## MATERIAL TO PROCESS

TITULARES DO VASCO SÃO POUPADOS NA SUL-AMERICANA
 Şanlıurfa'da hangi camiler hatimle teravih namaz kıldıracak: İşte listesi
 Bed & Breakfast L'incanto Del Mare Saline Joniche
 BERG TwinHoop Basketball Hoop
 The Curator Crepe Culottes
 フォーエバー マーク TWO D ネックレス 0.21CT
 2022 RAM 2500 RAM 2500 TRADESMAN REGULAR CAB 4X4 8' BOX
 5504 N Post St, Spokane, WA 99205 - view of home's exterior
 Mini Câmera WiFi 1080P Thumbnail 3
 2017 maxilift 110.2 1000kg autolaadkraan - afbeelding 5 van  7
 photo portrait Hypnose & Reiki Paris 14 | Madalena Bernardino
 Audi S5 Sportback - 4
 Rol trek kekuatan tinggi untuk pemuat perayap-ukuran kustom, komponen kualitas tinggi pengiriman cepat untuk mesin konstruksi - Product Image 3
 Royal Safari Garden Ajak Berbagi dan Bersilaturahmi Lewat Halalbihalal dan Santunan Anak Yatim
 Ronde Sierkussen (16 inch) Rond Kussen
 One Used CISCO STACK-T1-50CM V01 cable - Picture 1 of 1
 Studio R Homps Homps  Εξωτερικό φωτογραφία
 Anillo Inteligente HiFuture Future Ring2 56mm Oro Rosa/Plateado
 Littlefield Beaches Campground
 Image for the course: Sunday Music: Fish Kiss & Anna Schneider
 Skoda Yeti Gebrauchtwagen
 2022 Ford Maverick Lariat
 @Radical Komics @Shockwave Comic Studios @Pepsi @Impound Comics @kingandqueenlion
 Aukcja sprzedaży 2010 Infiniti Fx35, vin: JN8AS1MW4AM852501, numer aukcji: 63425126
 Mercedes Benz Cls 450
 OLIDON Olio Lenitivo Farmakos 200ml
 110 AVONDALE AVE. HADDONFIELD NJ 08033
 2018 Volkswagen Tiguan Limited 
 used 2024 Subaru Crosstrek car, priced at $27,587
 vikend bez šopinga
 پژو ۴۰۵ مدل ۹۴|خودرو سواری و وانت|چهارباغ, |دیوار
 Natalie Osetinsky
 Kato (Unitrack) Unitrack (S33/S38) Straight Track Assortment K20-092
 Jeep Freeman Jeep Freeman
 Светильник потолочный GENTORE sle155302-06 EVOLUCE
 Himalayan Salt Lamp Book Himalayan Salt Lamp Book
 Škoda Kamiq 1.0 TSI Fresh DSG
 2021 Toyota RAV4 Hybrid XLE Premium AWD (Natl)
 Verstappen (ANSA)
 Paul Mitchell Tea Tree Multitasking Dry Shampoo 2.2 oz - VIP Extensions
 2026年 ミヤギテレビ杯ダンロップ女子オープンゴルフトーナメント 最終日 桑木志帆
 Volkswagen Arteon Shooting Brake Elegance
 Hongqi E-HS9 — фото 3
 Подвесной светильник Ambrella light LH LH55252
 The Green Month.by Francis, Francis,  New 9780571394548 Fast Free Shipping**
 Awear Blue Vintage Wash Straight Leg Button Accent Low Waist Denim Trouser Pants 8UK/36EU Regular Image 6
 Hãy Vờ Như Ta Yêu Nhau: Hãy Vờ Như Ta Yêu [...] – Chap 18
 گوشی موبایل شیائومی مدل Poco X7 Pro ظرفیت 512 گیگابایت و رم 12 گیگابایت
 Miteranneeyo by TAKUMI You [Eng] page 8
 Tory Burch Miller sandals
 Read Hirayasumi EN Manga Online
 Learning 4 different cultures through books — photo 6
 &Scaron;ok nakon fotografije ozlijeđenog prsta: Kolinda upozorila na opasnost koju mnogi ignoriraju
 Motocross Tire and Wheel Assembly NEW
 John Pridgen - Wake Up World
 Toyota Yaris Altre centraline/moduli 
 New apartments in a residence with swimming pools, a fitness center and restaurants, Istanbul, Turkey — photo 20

## ACTIVITY
Your reply is to repeat, unchanged, the lines above running from the one with "Bed & Breakfast" up to and including the one with "Audi S5 Sportback - 4".

## RESPONSE TO THIS TASK
 Bed & Breakfast L'incanto Del Mare Saline Joniche
 BERG TwinHoop Basketball Hoop
 The Curator Crepe Culottes
 フォーエバー マーク TWO D ネックレス 0.21CT
 2022 RAM 2500 RAM 2500 TRADESMAN REGULAR CAB 4X4 8' BOX
 5504 N Post St, Spokane, WA 99205 - view of home's exterior
 Mini Câmera WiFi 1080P Thumbnail 3
 2017 maxilift 110.2 1000kg autolaadkraan - afbeelding 5 van  7
 photo portrait Hypnose & Reiki Paris 14 | Madalena Bernardino
 Audi S5 Sportback - 4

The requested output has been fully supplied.